» **WORK INSTRUCTIONS**
An exact, complete copy of the entries is what is needed.

» **MATERIALS PROVIDED**
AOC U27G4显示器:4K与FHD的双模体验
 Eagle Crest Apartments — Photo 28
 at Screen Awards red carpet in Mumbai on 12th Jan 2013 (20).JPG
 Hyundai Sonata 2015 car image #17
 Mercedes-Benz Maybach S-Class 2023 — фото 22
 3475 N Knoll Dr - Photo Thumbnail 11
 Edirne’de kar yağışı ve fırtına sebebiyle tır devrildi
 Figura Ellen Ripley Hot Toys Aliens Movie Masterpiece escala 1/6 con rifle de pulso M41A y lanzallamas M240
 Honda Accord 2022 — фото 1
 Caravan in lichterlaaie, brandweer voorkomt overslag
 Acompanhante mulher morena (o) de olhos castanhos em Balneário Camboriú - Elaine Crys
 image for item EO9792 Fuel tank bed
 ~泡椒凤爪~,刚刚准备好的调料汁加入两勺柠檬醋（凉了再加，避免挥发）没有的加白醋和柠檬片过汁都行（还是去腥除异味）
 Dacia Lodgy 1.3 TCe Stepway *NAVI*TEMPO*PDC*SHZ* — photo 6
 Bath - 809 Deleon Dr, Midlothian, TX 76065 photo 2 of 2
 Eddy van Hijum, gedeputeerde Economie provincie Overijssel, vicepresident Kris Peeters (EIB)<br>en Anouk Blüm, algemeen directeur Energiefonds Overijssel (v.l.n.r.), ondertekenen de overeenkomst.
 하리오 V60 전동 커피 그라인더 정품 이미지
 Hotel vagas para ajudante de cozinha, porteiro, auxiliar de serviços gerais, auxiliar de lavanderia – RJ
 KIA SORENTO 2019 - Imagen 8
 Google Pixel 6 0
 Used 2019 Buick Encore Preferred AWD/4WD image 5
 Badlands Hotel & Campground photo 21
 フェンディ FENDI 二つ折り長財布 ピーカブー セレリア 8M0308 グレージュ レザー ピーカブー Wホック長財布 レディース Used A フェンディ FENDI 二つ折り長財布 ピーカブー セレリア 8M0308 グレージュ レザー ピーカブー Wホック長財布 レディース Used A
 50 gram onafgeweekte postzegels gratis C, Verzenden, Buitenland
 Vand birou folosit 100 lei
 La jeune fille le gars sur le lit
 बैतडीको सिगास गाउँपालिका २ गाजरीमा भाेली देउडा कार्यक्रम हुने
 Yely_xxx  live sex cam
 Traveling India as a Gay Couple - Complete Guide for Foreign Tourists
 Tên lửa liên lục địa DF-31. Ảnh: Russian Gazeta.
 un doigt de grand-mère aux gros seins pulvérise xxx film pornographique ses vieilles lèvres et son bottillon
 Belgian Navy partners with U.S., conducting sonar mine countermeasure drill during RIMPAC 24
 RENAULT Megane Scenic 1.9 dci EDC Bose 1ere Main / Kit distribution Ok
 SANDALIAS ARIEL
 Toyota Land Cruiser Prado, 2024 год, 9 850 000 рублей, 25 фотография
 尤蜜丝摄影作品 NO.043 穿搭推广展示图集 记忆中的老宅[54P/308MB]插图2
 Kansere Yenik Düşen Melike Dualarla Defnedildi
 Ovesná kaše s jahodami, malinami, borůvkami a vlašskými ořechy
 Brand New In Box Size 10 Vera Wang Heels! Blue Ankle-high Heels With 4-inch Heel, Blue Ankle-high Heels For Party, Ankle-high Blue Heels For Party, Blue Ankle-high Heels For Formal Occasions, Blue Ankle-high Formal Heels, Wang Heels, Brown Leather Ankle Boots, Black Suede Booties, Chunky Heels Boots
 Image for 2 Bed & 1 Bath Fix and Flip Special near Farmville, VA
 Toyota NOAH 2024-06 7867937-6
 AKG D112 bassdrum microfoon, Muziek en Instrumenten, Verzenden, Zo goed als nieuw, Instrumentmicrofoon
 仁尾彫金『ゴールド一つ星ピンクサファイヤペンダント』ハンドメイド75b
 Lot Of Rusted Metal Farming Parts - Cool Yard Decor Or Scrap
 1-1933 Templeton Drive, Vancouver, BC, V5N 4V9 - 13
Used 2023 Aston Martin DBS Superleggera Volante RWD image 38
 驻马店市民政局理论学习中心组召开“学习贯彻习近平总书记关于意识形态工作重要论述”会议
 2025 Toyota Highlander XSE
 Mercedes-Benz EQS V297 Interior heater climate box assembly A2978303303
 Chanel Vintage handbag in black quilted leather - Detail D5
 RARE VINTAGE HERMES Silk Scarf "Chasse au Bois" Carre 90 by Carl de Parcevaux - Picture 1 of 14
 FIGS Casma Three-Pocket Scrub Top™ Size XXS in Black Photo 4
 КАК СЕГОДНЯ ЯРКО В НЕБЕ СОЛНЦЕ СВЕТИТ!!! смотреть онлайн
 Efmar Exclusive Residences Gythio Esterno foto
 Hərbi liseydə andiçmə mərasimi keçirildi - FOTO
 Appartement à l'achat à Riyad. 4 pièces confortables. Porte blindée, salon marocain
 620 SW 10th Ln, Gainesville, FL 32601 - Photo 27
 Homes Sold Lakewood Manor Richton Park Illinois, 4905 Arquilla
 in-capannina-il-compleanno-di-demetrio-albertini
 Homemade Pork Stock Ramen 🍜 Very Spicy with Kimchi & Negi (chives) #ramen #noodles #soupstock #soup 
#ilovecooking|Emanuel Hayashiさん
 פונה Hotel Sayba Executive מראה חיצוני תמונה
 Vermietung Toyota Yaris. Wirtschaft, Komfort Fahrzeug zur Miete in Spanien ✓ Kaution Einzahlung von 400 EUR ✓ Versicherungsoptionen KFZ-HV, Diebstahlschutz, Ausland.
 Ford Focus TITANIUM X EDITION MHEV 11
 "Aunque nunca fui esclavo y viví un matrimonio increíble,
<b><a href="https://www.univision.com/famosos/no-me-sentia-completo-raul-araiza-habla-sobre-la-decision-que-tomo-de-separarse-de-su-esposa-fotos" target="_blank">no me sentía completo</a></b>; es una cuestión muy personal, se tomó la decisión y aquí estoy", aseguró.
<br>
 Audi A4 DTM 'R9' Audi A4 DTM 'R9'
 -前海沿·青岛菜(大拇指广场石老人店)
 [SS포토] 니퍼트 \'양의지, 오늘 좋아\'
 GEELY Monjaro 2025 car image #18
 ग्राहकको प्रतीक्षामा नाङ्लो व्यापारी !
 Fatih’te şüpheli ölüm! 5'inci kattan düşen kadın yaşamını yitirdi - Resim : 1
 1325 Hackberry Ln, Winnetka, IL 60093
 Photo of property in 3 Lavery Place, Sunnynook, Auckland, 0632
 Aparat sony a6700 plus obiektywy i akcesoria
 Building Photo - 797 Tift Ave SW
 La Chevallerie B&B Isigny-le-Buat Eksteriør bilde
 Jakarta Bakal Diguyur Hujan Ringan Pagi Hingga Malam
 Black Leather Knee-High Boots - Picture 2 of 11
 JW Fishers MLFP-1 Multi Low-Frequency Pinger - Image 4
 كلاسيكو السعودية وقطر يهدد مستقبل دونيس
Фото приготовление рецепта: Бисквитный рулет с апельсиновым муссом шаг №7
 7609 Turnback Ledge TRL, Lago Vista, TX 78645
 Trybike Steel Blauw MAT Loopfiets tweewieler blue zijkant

» **TASK ANSWER**
AOC U27G4显示器:4K与FHD的双模体验
 Eagle Crest Apartments — Photo 28
 at Screen Awards red carpet in Mumbai on 12th Jan 2013 (20).JPG
 Hyundai Sonata 2015 car image #17
 Mercedes-Benz Maybach S-Class 2023 — фото 22
 3475 N Knoll Dr - Photo Thumbnail 11
 Edirne’de kar yağışı ve fırtına sebebiyle tır devrildi
 Figura Ellen Ripley Hot Toys Aliens Movie Masterpiece escala 1/6 con rifle de pulso M41A y lanzallamas M240
 Honda Accord 2022 — фото 1
 Caravan in lichterlaaie, brandweer voorkomt overslag
 Acompanhante mulher morena (o) de olhos castanhos em Balneário Camboriú - Elaine Crys
 image for item EO9792 Fuel tank bed
 ~泡椒凤爪~,刚刚准备好的调料汁加入两勺柠檬醋（凉了再加，避免挥发）没有的加白醋和柠檬片过汁都行（还是去腥除异味）
 Dacia Lodgy 1.3 TCe Stepway *NAVI*TEMPO*PDC*SHZ* — photo 6
 Bath - 809 Deleon Dr, Midlothian, TX 76065 photo 2 of 2
 Eddy van Hijum, gedeputeerde Economie provincie Overijssel, vicepresident Kris Peeters (EIB)<br>en Anouk Blüm, algemeen directeur Energiefonds Overijssel (v.l.n.r.), ondertekenen de overeenkomst.
 하리오 V60 전동 커피 그라인더 정품 이미지
 Hotel vagas para ajudante de cozinha, porteiro, auxiliar de serviços gerais, auxiliar de lavanderia – RJ
 KIA SORENTO 2019 - Imagen 8
 Google Pixel 6 0
 Used 2019 Buick Encore Preferred AWD/4WD image 5
 Badlands Hotel & Campground photo 21
 フェンディ FENDI 二つ折り長財布 ピーカブー セレリア 8M0308 グレージュ レザー ピーカブー Wホック長財布 レディース Used A フェンディ FENDI 二つ折り長財布 ピーカブー セレリア 8M0308 グレージュ レザー ピーカブー Wホック長財布 レディース Used A
 50 gram onafgeweekte postzegels gratis C, Verzenden, Buitenland
 Vand birou folosit 100 lei
 La jeune fille le gars sur le lit
 बैतडीको सिगास गाउँपालिका २ गाजरीमा भाेली देउडा कार्यक्रम हुने
 Yely_xxx  live sex cam
 Traveling India as a Gay Couple - Complete Guide for Foreign Tourists
 Tên lửa liên lục địa DF-31. Ảnh: Russian Gazeta.
 un doigt de grand-mère aux gros seins pulvérise xxx film pornographique ses vieilles lèvres et son bottillon
 Belgian Navy partners with U.S., conducting sonar mine countermeasure drill during RIMPAC 24
 RENAULT Megane Scenic 1.9 dci EDC Bose 1ere Main / Kit distribution Ok
 SANDALIAS ARIEL
 Toyota Land Cruiser Prado, 2024 год, 9 850 000 рублей, 25 фотография
 尤蜜丝摄影作品 NO.043 穿搭推广展示图集 记忆中的老宅[54P/308MB]插图2
 Kansere Yenik Düşen Melike Dualarla Defnedildi
 Ovesná kaše s jahodami, malinami, borůvkami a vlašskými ořechy
 Brand New In Box Size 10 Vera Wang Heels! Blue Ankle-high Heels With 4-inch Heel, Blue Ankle-high Heels For Party, Ankle-high Blue Heels For Party, Blue Ankle-high Heels For Formal Occasions, Blue Ankle-high Formal Heels, Wang Heels, Brown Leather Ankle Boots, Black Suede Booties, Chunky Heels Boots
 Image for 2 Bed & 1 Bath Fix and Flip Special near Farmville, VA
 Toyota NOAH 2024-06 7867937-6
 AKG D112 bassdrum microfoon, Muziek en Instrumenten, Verzenden, Zo goed als nieuw, Instrumentmicrofoon
 仁尾彫金『ゴールド一つ星ピンクサファイヤペンダント』ハンドメイド75b
 Lot Of Rusted Metal Farming Parts - Cool Yard Decor Or Scrap
 1-1933 Templeton Drive, Vancouver, BC, V5N 4V9 - 13
Used 2023 Aston Martin DBS Superleggera Volante RWD image 38
 驻马店市民政局理论学习中心组召开“学习贯彻习近平总书记关于意识形态工作重要论述”会议
 2025 Toyota Highlander XSE
 Mercedes-Benz EQS V297 Interior heater climate box assembly A2978303303
 Chanel Vintage handbag in black quilted leather - Detail D5
 RARE VINTAGE HERMES Silk Scarf "Chasse au Bois" Carre 90 by Carl de Parcevaux - Picture 1 of 14
 FIGS Casma Three-Pocket Scrub Top™ Size XXS in Black Photo 4
 КАК СЕГОДНЯ ЯРКО В НЕБЕ СОЛНЦЕ СВЕТИТ!!! смотреть онлайн
 Efmar Exclusive Residences Gythio Esterno foto
 Hərbi liseydə andiçmə mərasimi keçirildi - FOTO
 Appartement à l'achat à Riyad. 4 pièces confortables. Porte blindée, salon marocain
 620 SW 10th Ln, Gainesville, FL 32601 - Photo 27
 Homes Sold Lakewood Manor Richton Park Illinois, 4905 Arquilla
 in-capannina-il-compleanno-di-demetrio-albertini
 Homemade Pork Stock Ramen 🍜 Very Spicy with Kimchi & Negi (chives) #ramen #noodles #soupstock #soup 
#ilovecooking|Emanuel Hayashiさん
 פונה Hotel Sayba Executive מראה חיצוני תמונה
 Vermietung Toyota Yaris. Wirtschaft, Komfort Fahrzeug zur Miete in Spanien ✓ Kaution Einzahlung von 400 EUR ✓ Versicherungsoptionen KFZ-HV, Diebstahlschutz, Ausland.
 Ford Focus TITANIUM X EDITION MHEV 11
 "Aunque nunca fui esclavo y viví un matrimonio increíble,
<b><a href="https://www.univision.com/famosos/no-me-sentia-completo-raul-araiza-habla-sobre-la-decision-que-tomo-de-separarse-de-su-esposa-fotos" target="_blank">no me sentía completo</a></b>; es una cuestión muy personal, se tomó la decisión y aquí estoy", aseguró.
<br>
 Audi A4 DTM 'R9' Audi A4 DTM 'R9'
 -前海沿·青岛菜(大拇指广场石老人店)
 [SS포토] 니퍼트 \'양의지, 오늘 좋아\'
 GEELY Monjaro 2025 car image #18
 ग्राहकको प्रतीक्षामा नाङ्लो व्यापारी !
 Fatih’te şüpheli ölüm! 5'inci kattan düşen kadın yaşamını yitirdi - Resim : 1
 1325 Hackberry Ln, Winnetka, IL 60093
 Photo of property in 3 Lavery Place, Sunnynook, Auckland, 0632
 Aparat sony a6700 plus obiektywy i akcesoria
 Building Photo - 797 Tift Ave SW
 La Chevallerie B&B Isigny-le-Buat Eksteriør bilde
 Jakarta Bakal Diguyur Hujan Ringan Pagi Hingga Malam
 Black Leather Knee-High Boots - Picture 2 of 11
 JW Fishers MLFP-1 Multi Low-Frequency Pinger - Image 4
 كلاسيكو السعودية وقطر يهدد مستقبل دونيس
Фото приготовление рецепта: Бисквитный рулет с апельсиновым муссом шаг №7
 7609 Turnback Ledge TRL, Lago Vista, TX 78645
 Trybike Steel Blauw MAT Loopfiets tweewieler blue zijkant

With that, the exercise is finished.